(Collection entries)
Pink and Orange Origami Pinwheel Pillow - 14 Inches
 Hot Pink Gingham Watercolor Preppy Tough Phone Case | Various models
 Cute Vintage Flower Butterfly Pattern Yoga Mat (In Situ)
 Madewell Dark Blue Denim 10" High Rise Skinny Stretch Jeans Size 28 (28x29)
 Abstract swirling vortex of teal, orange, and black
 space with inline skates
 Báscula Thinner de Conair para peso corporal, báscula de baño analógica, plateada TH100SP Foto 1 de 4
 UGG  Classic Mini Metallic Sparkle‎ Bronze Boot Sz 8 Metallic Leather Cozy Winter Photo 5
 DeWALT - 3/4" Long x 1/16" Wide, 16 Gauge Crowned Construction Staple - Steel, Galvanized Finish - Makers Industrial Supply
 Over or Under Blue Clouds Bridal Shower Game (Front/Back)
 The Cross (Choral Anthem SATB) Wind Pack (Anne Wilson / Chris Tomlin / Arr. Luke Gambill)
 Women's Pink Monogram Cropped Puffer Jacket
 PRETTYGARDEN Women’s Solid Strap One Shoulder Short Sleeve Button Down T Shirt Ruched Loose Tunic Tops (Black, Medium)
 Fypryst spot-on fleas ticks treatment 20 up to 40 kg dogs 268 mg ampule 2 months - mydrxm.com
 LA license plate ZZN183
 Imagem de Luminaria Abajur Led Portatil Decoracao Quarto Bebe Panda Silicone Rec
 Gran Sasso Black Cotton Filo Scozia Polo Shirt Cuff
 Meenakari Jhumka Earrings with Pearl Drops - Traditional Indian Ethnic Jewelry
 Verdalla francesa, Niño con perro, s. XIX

Assignment: Copy each line, exactly, that falls between the line containing "Gran Sasso Black" and the end of the entries, both included.

Solution for this task:
 Gran Sasso Black Cotton Filo Scozia Polo Shirt Cuff
 Meenakari Jhumka Earrings with Pearl Drops - Traditional Indian Ethnic Jewelry
 Verdalla francesa, Niño con perro, s. XIX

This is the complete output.